Domesticating Broad Band -- What Really Matters To Consumers

The consumer demand for broadband access is taken for granted - it's assumed that because it's better, faster, and more capable that customers naturally want bandwidth in ever-increasing amounts. The authors wonder if that's entirely true (caveat: the authors are economists in the UK, so it may be affected by differences in culture).

Presently, broadband users are believed to be "early adopters," whose demographics (age, marital status, and income) are similar to the early adopters of cable television.
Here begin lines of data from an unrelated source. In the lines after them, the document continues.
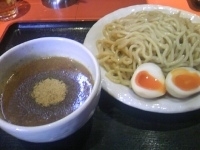 「つけめん中もり 810円 + 煮玉子 100円」@麺家 宝の写真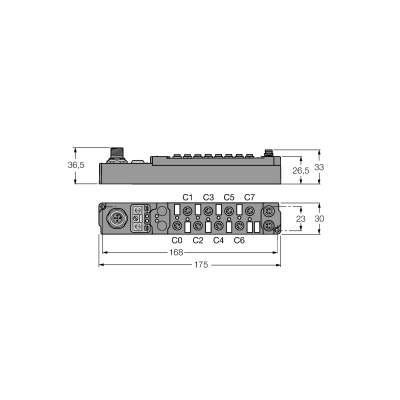 Модуль автономный для CANopen Turck SCOB-0808D-0001 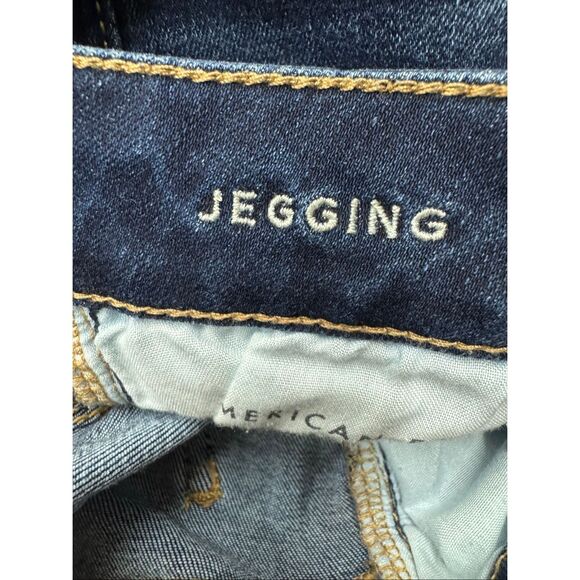 American Eagle Next Level Stretch Jegging Dark Wash Jeans Size 0 Short - Picture 7 of 10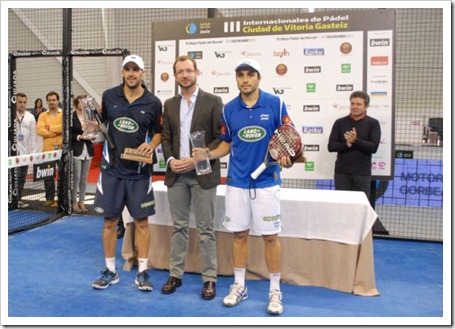 Los números uno del circuito bwin Padel Pro Tour derrotaron a Lima-Mieres, y levantaron su duodécimo título de la temporada en Vitoria.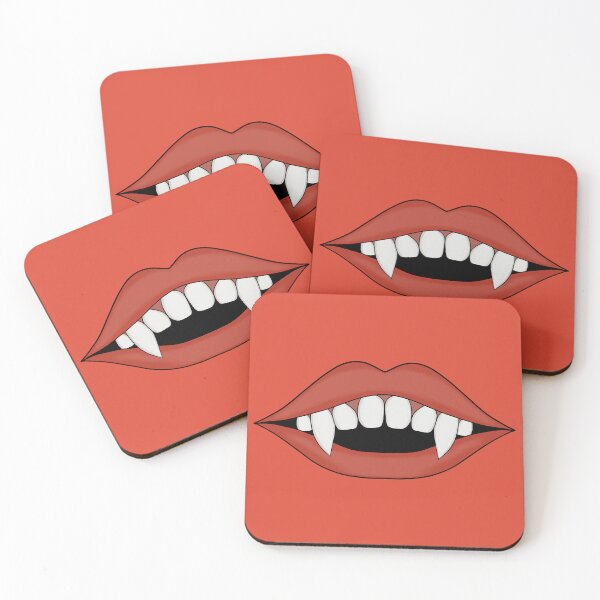 Item preview, Vampire Fanged Lip Art designed and sold by shopdiego.
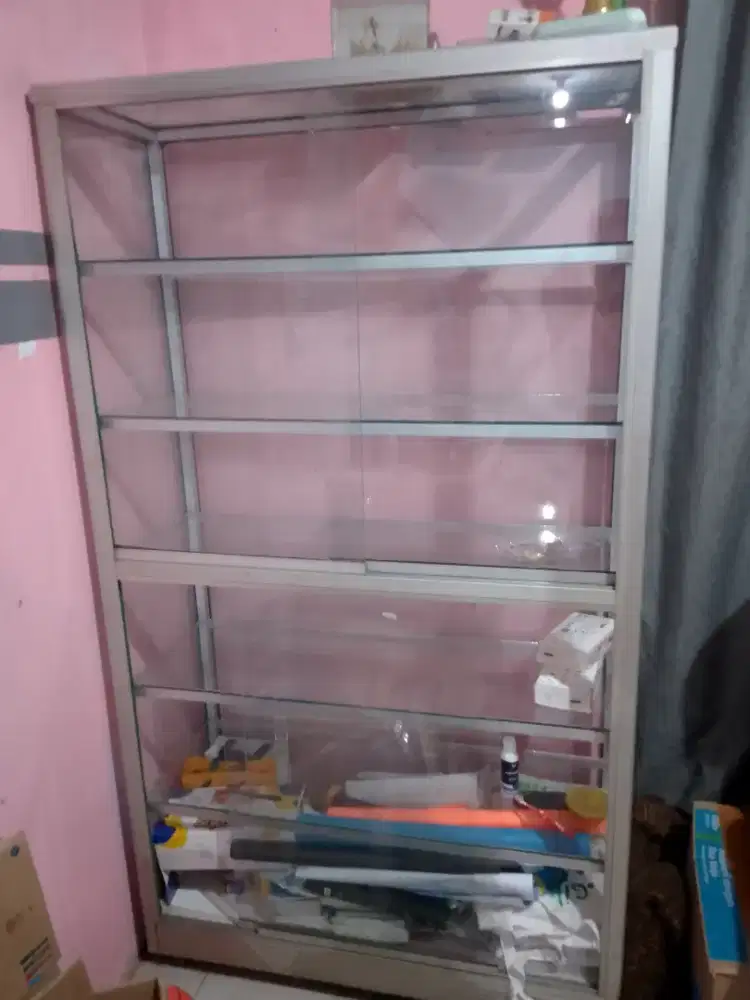 For sale etalase kaca 5 susun
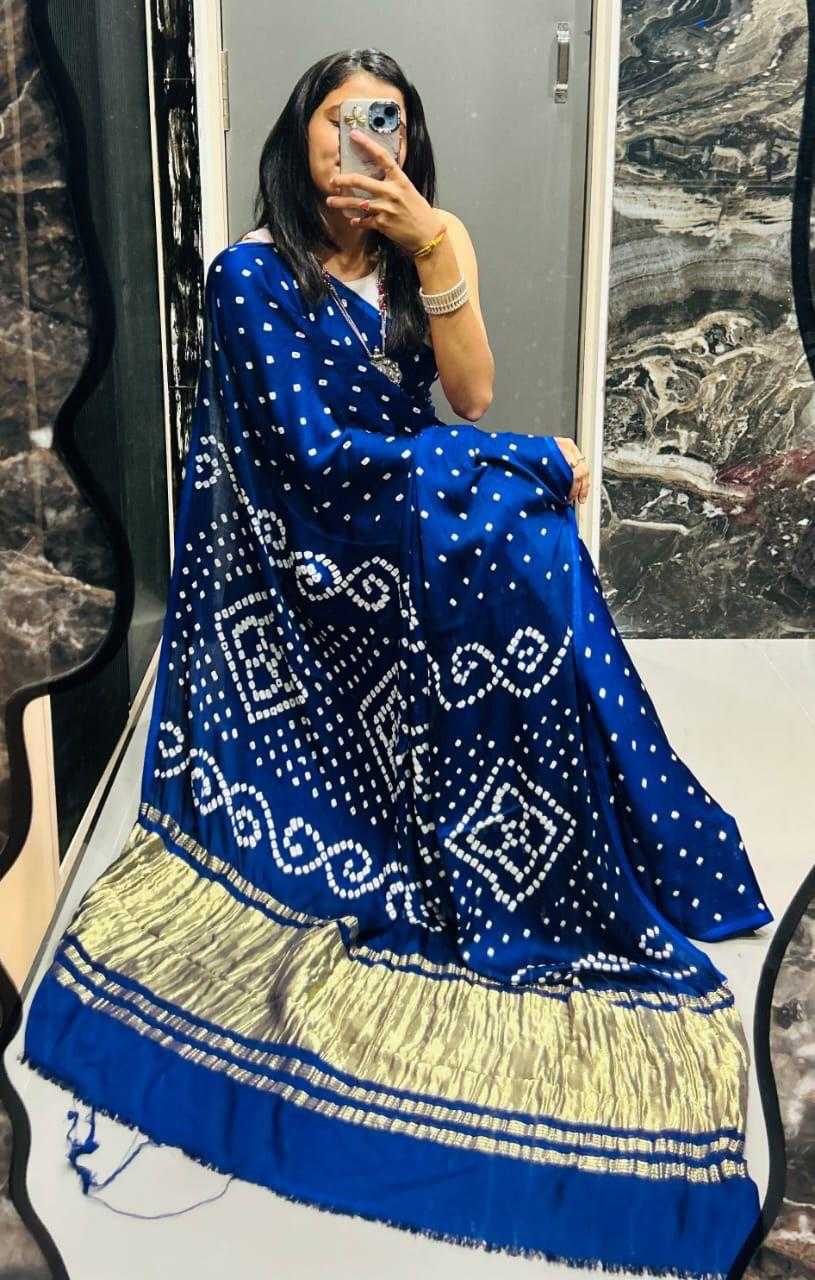 Ynf Gajji Silk KESH576 Gaji Sarees Wholesale Designer Sarees Party Wear Sarees Bandhani Bandhej Sarees Manufacturer- Kapda Export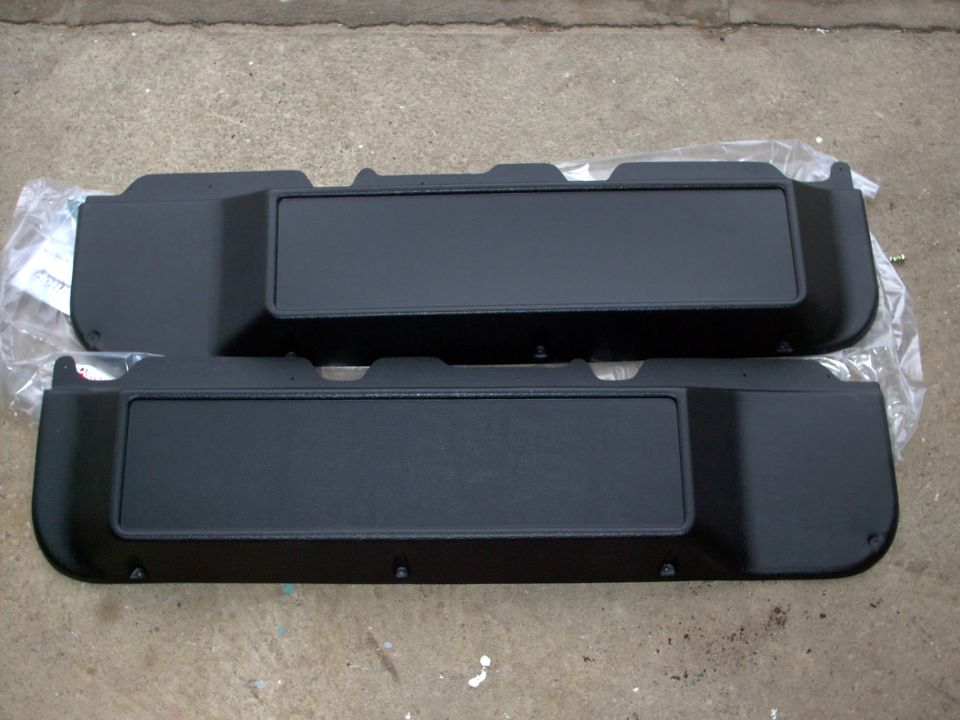 Pair of black plastic sun visors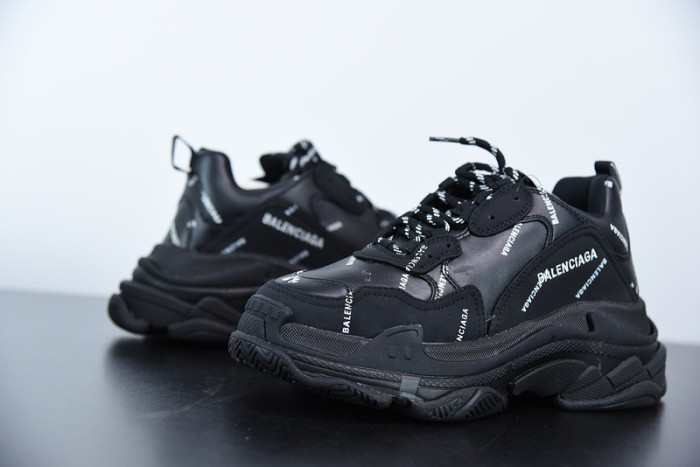 balcia triple s black logo 536737 w2fa1 1090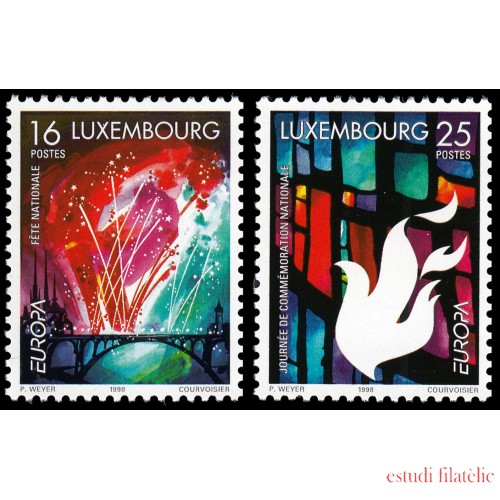 Luxemburgo 1401/02 1998 Europa (C.E.P.T.) 1998 Fiestas y Festivales MNH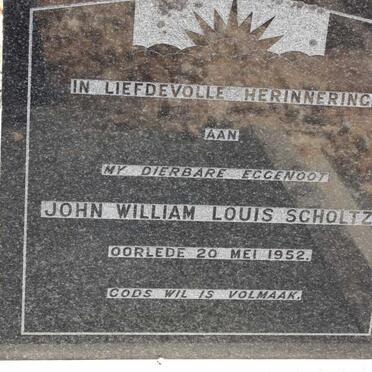 SCHOLTZ John William Louis -1952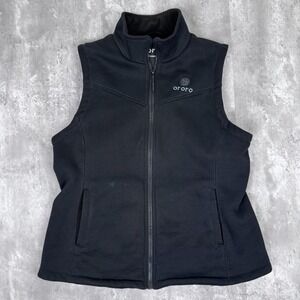 Ororo Heated Fleece Vest Womens Size Large Black Full Zip Work NO BATTERY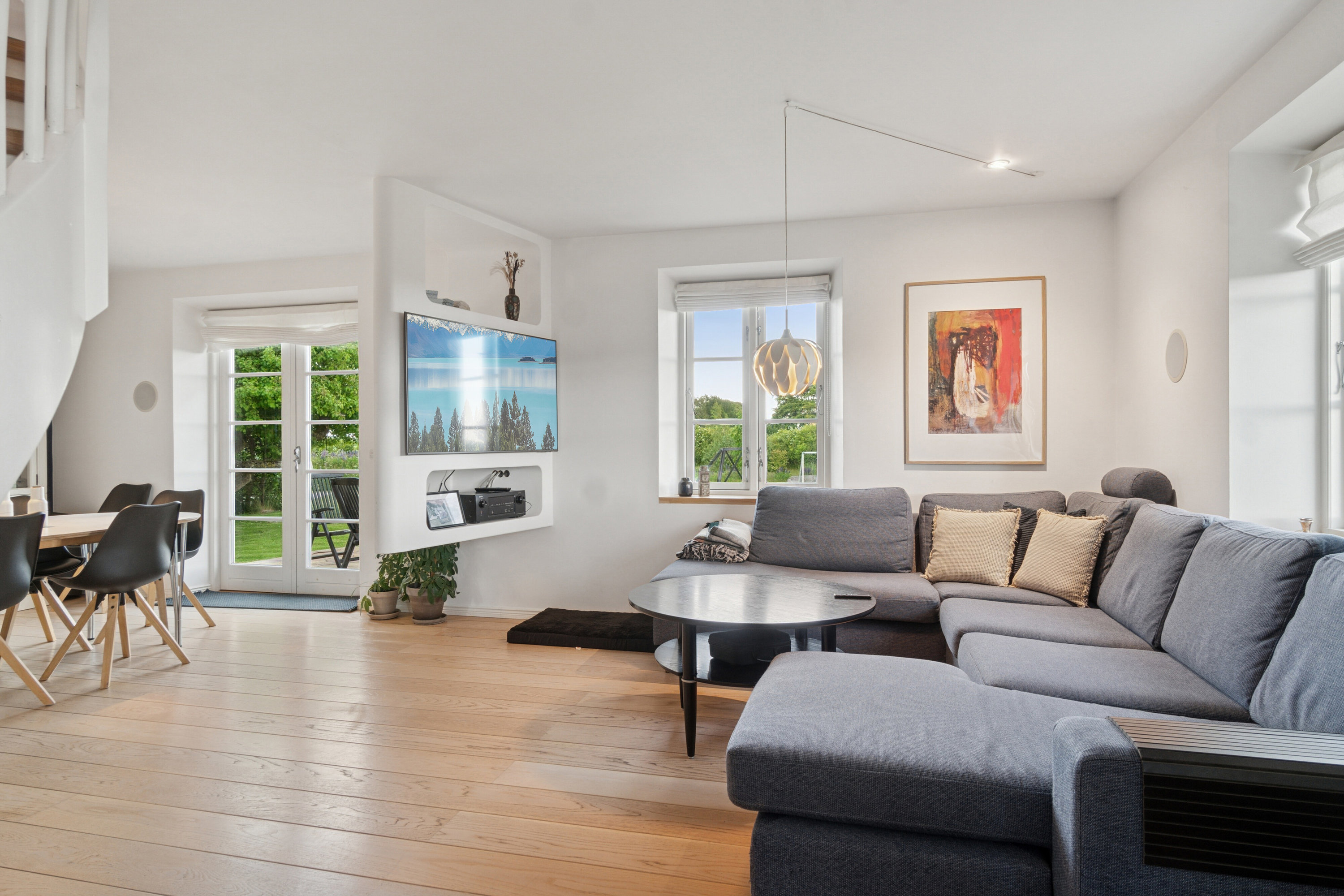 Fremhævet stue billede i fuldskærmstilstand. Billede af Vollerupvej 14, Vollerup, 4200 Slagelse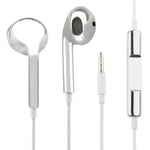Écouteurs Stéréo Filaire 3,5 mm plaqués pour Téléphones Android / PC / Lecteurs MP3 / Ordinateurs Portables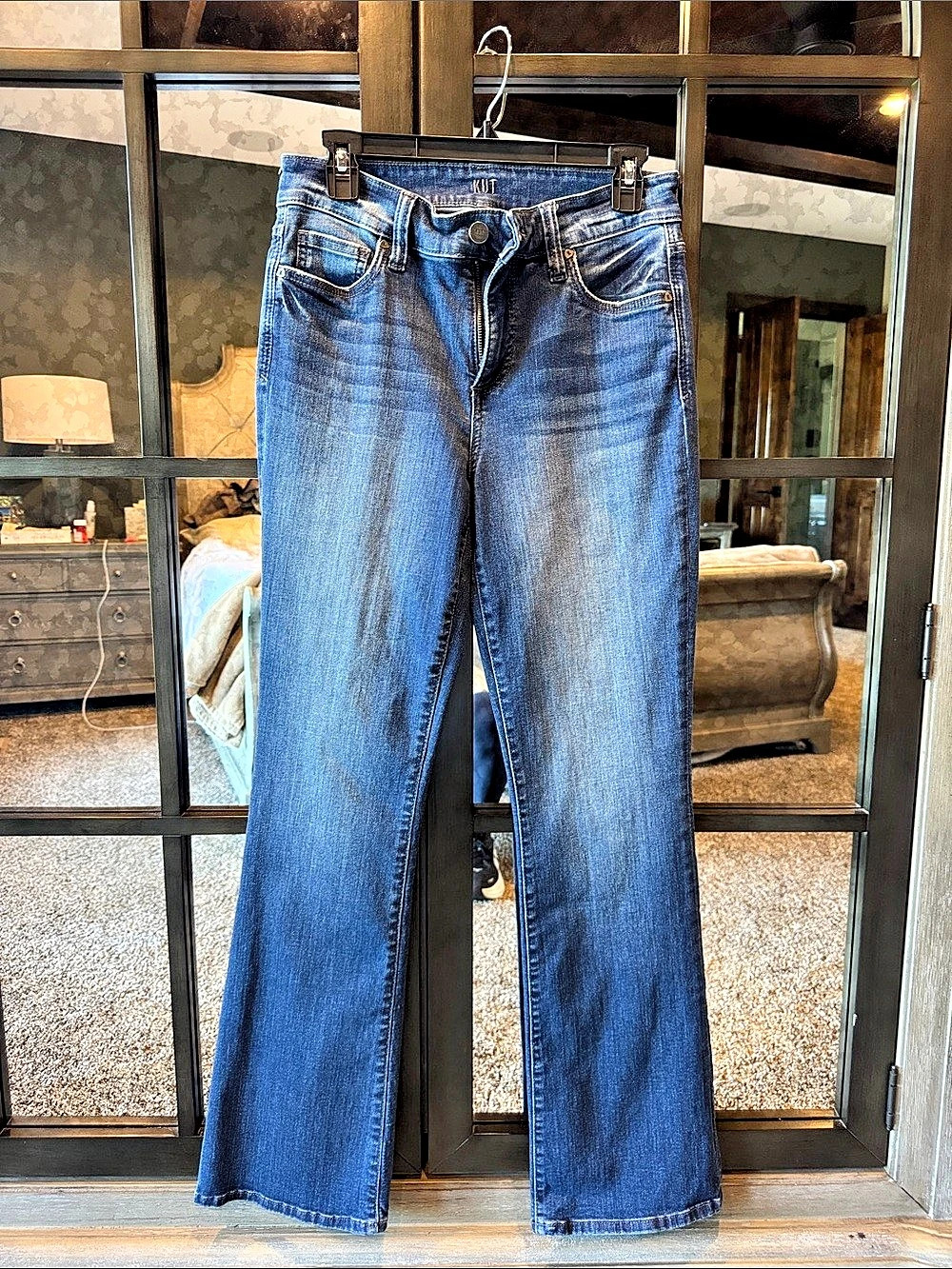 Kut from the Kloth Fab Ab High Rise Baby Bootcut Jeans Blue size 6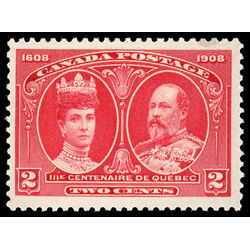 canada stamp 98 king edward vii queen alexandra 2 1908 M VFNH 051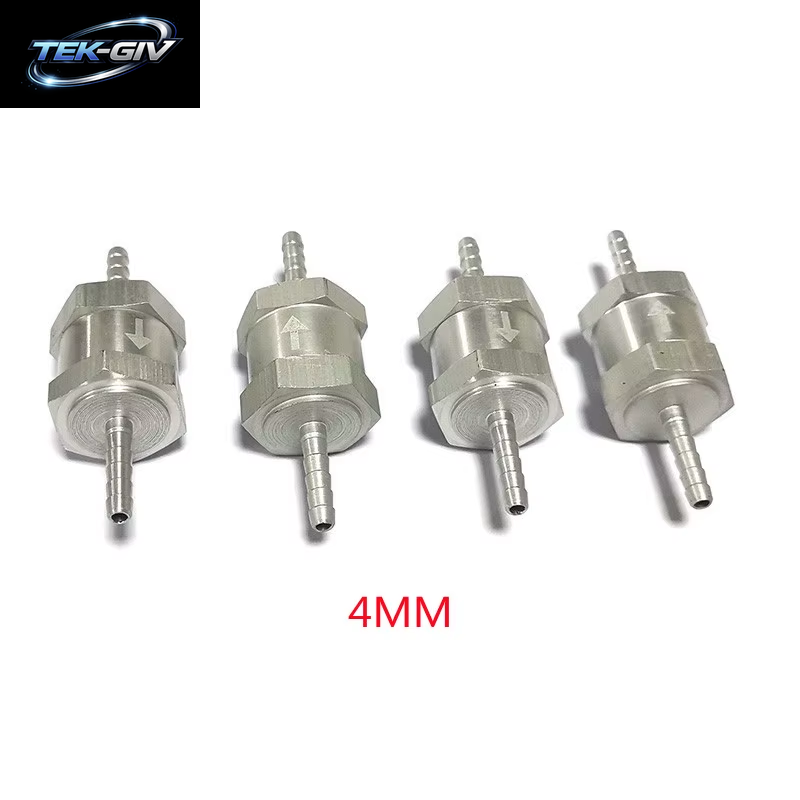 5/32 "4Mm Einweg-Kraftstoffleitungs-Rückschlag Ventil Rückschlag Diesel Aluminium Silber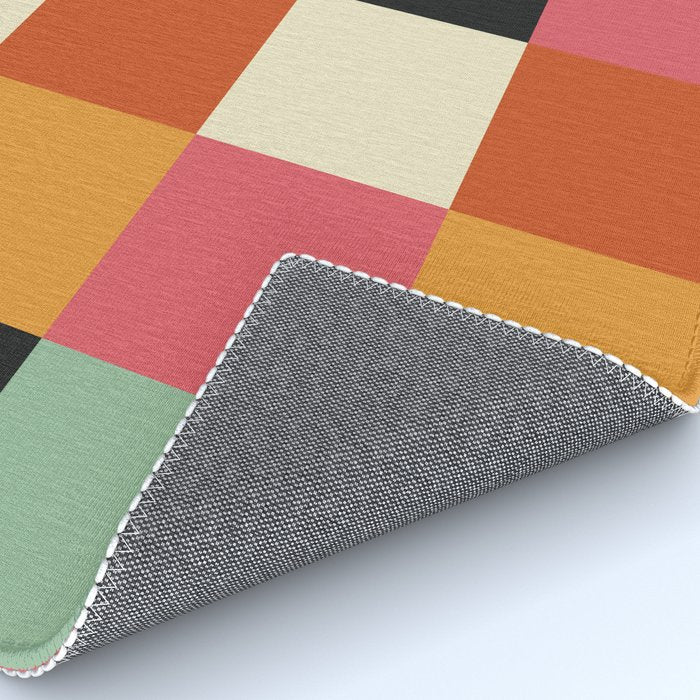 Bold Colorful Checks Pattern - Large XVIII Rug Gallery Image 4
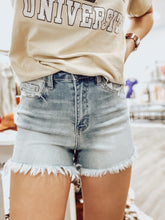Load image into Gallery viewer, Light Wash Denim Shorts
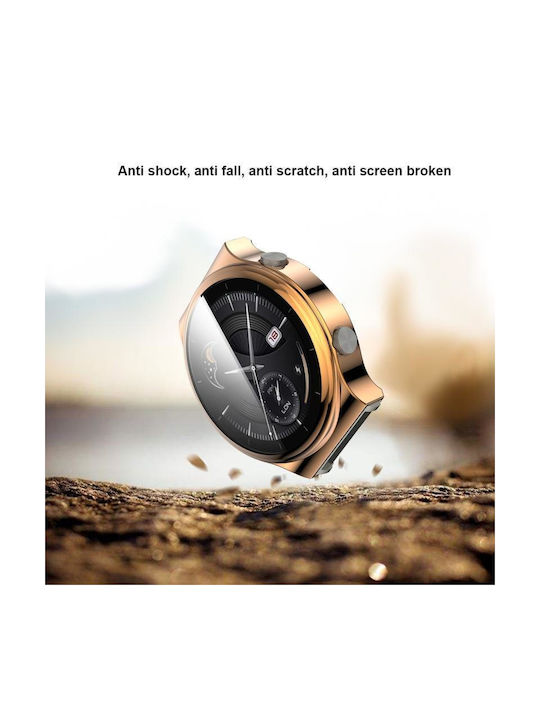 Full Coverage Silikonhülle in Rose Gold Farbe für Huawei Watch GT 2 Pro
It was also found that households with more than one computer are more like to adopt broadband access, as are households whose residents frequently use the Internet.

Also, users with broadband connection make greater use of high-bandwidth content, use a broader array of services, access a greater number of sites, make more purchases online, and are in generally more extensive in their use of the Internet than low-bandwidth usage.

EN: The authors provided a lot more detail about the differences between the two groups, and they cited a lot of statistics, but I don't see the value in preserving the details of the analysis, nor is the argument a particularly enlightening one: there is a correlation between access speed and the extent to which a person uses the Internet, but I don't think causation can be implied: people who use the internet a lot "want" broadband to accommodate their activity; but people who purchase broadband may also find them making greater use of the Internet because it is more accessible - it's a circular argument.